Once we learn the truth of our union with the Lord Jesus, and of the Holy Spirit's indwelling, any attempt to imitate Christ will be seen for what it is: unscriptural, and futile.
"Our Father is going to teach us, mainly through personal failure, that the life we live is the life of our Lord Jesus alone. The Christian life is not our living a life like Christ, or our trying to be Christ-like, nor is it Christ giving us the power to live a life like His; but it is Christ Himself living His own life through us; 'no longer I, but Christ.'"
"The end of Christ's incarnation, death and resurrection was to prepare and form a holy nature and frame for us in Himself, to be communicated to us by union and fellowship with Him; and not to be able to produce in ourselves the first originals of such an holy nature by our own endeavors."
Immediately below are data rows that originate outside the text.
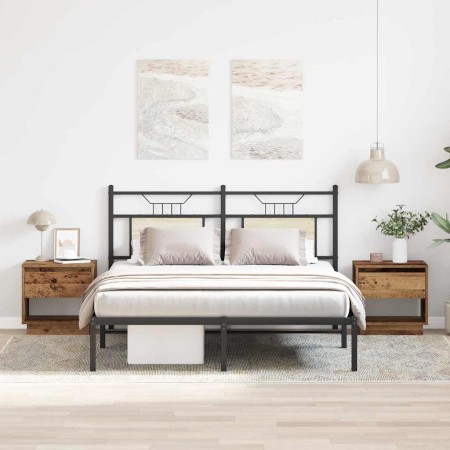 Mesita de Noche con cajón 2 pcs Madera vieja 45 x 34 x 44 cm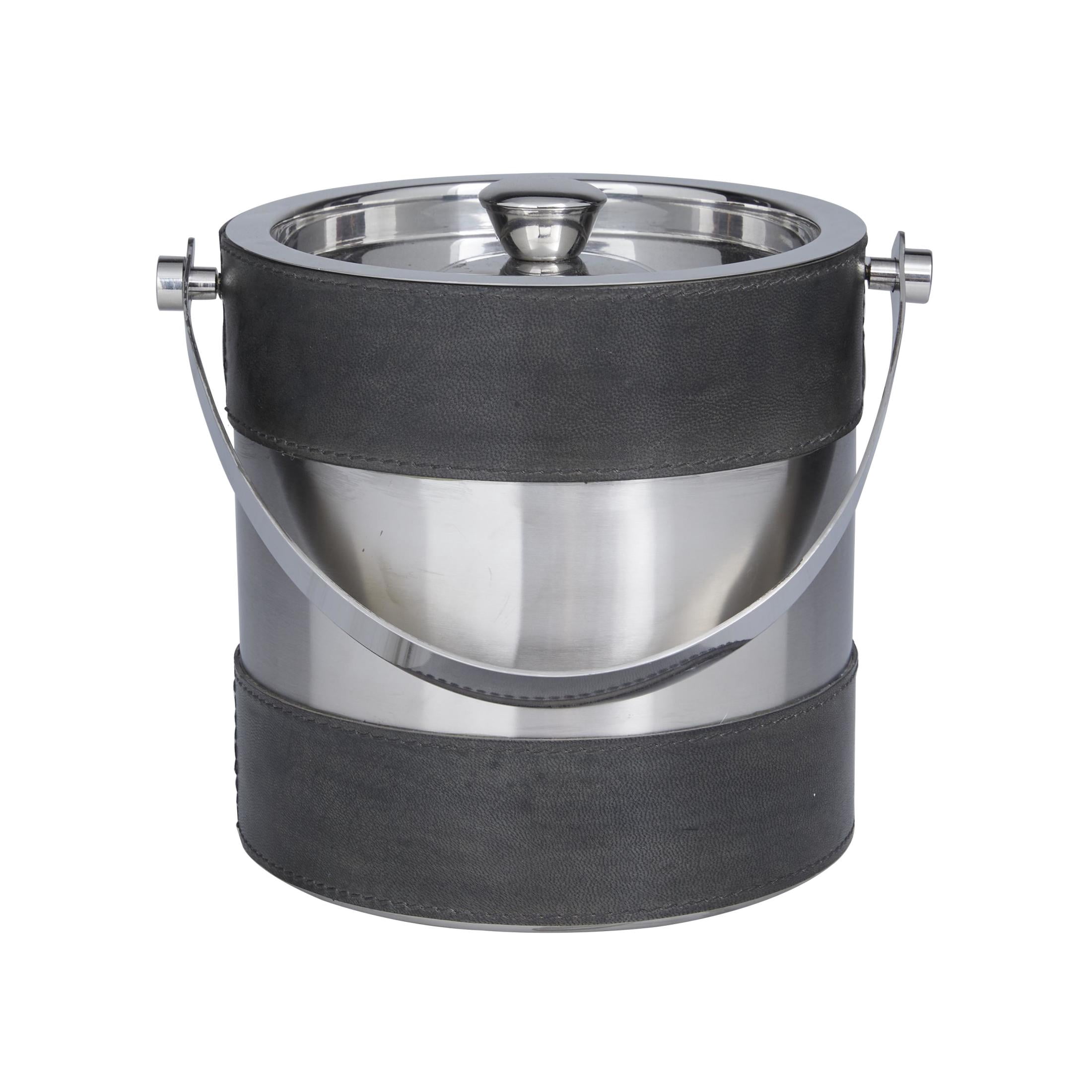 The Novogratz Cylinder Leather Gray Ice Bucket with Lid for Wine and ...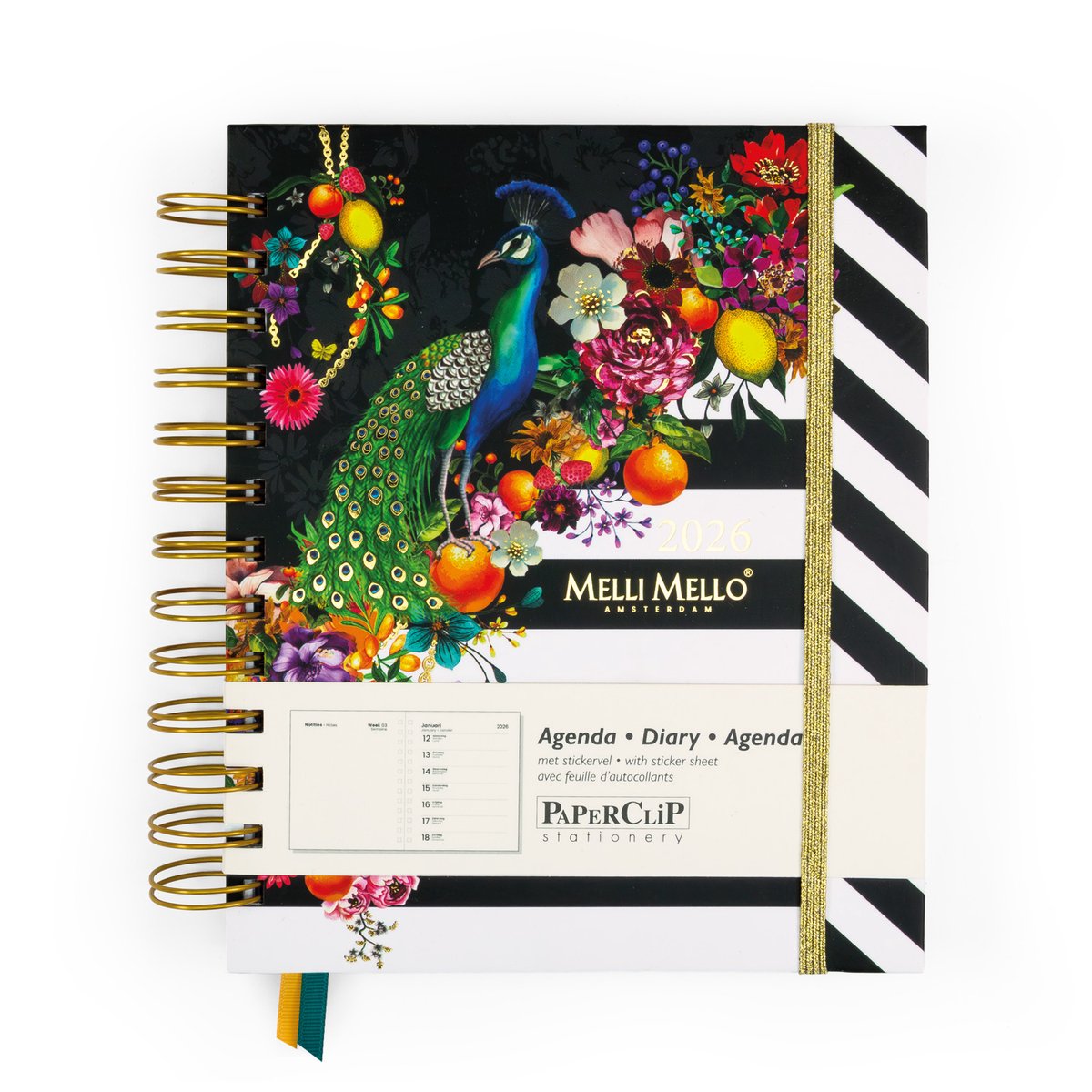 Melli Mello - Peacock Fiesta Bureau Agenda 2026 - 19x15,5 cm - Inclusief Stickervel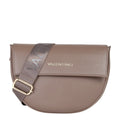 Lieblingstasche taupe leather flap bag with adjustable logo strap and gold buckle.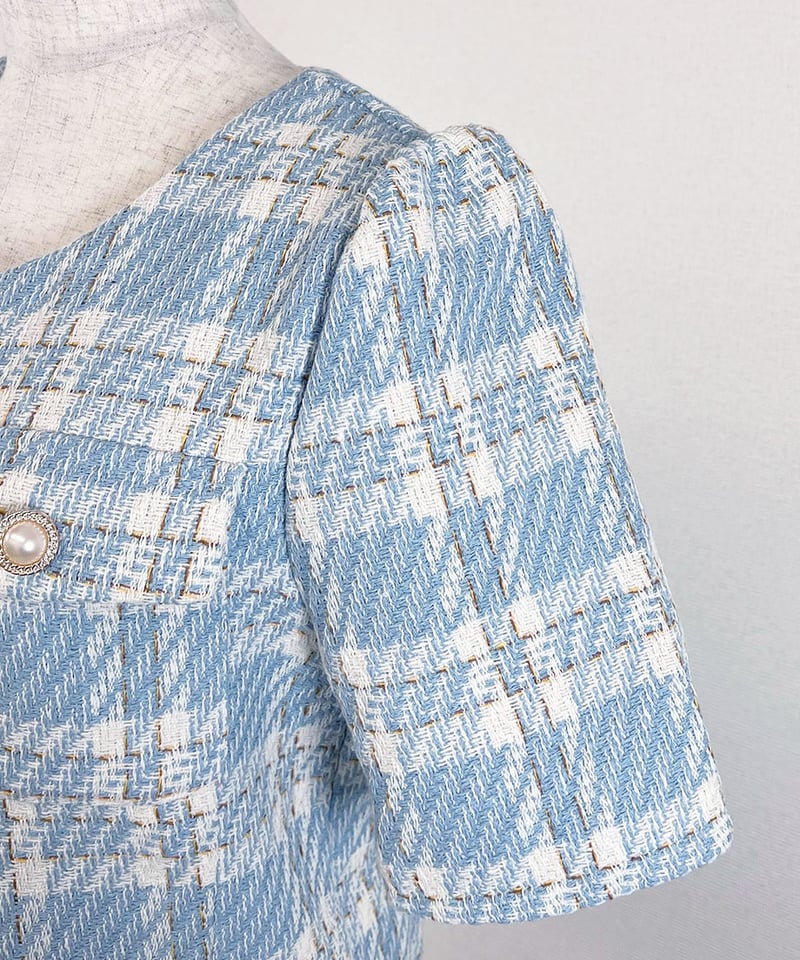 ハーフスリーブツイードジャケット パールボタンハーフスリーブツイードジャケット | 韓国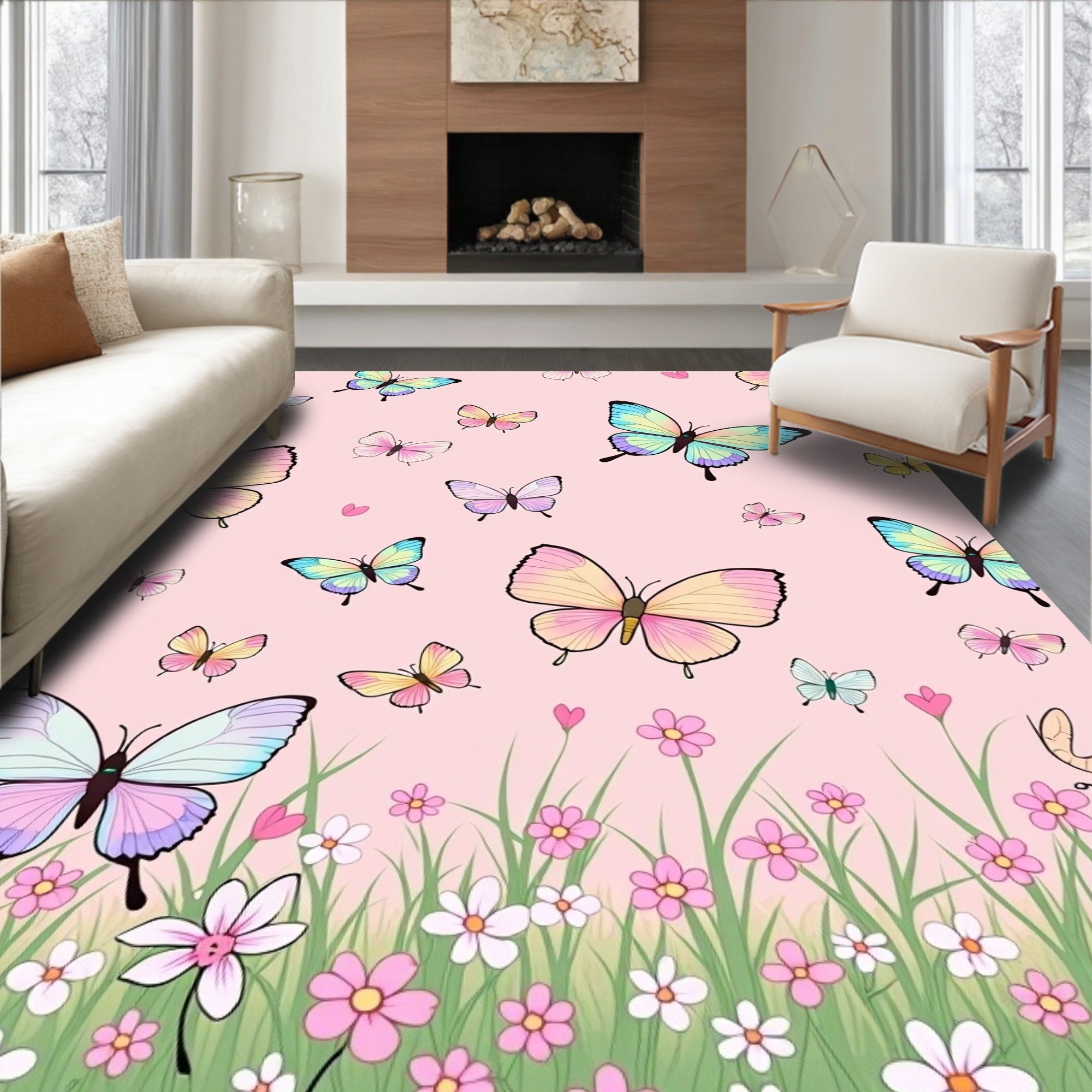 Pastel Butterflies Among Flowers Rug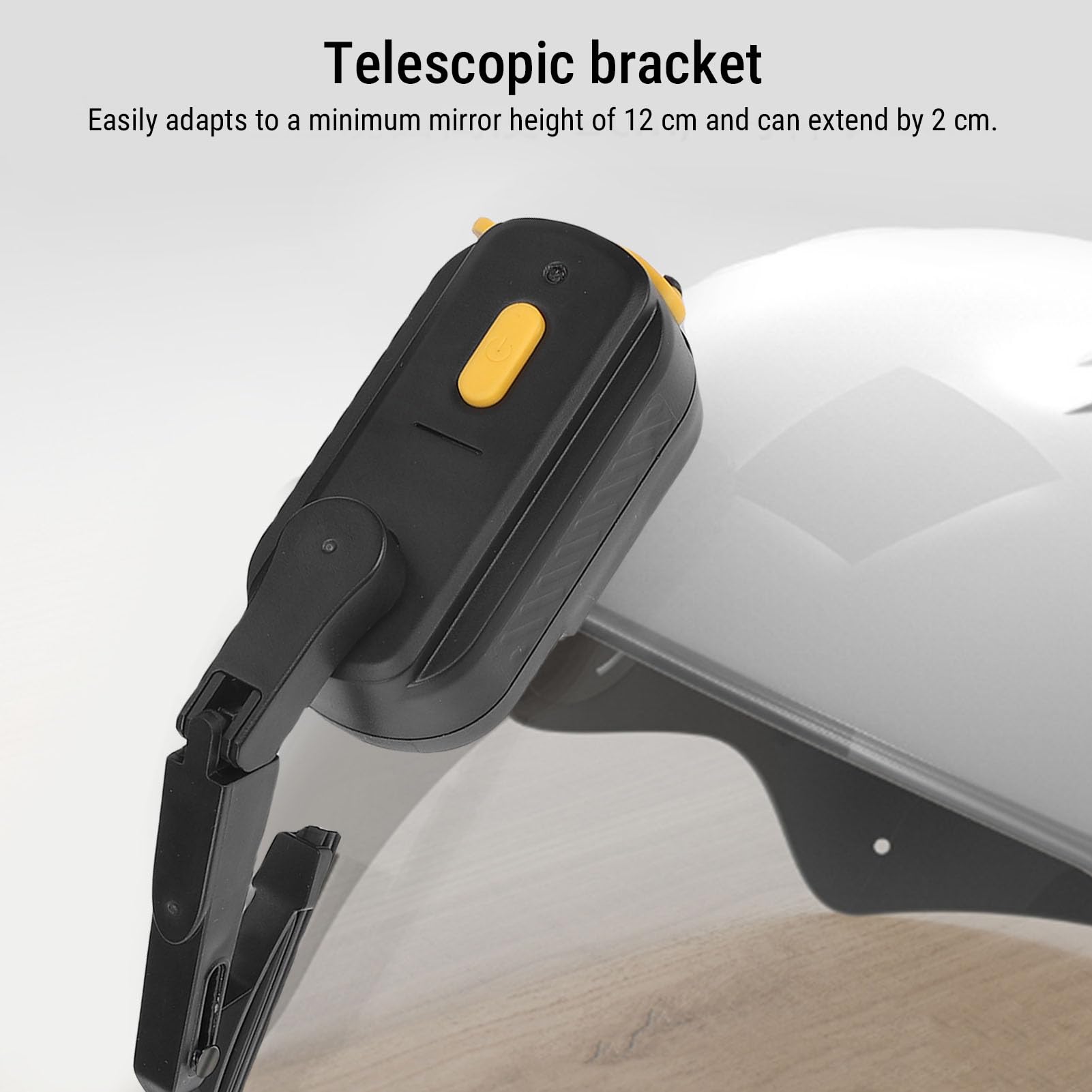 Fockety Tergicristallo per il Casco Motociclistico, 2 velocità 1200 MAh Waterproof Helmet Wiper Compatibile con la Maggior Parte della Visiera Universale con Staffa Telescopica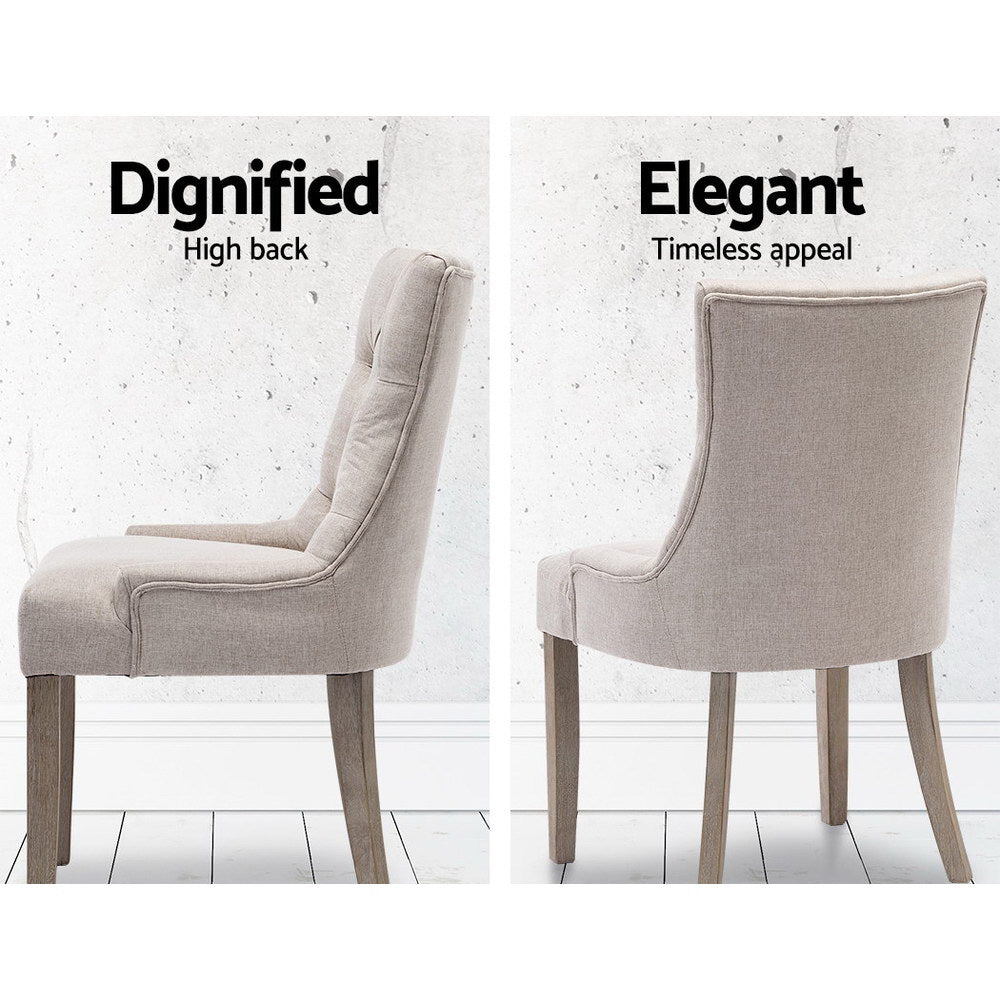 Artiss Cayes Fabric Dining Chair Set of 2 - Beige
"The believer's true education is in the growth of Christ within. The Church's real ministry is not multitudinous public services, so-called, but the forming of the Lord Jesus Christ in the lives of His people; the reproduction of Christ; epistles made alive by the Holy Spirit, to be seen and read of all men." -C.A.F.
"There is no answer to infidelity like the life of the Lord Jesus displayed through the Christian. Nothing puts the madness of the infidel, and the folly of the superstitious more to shame and silence than the humble, quiet, devoted walk of a thorough-going, heavenly-minded, and divinely-taught believer."
"But the Lord is faithful, who shall stablish you" (2 Thessalonians 3:3).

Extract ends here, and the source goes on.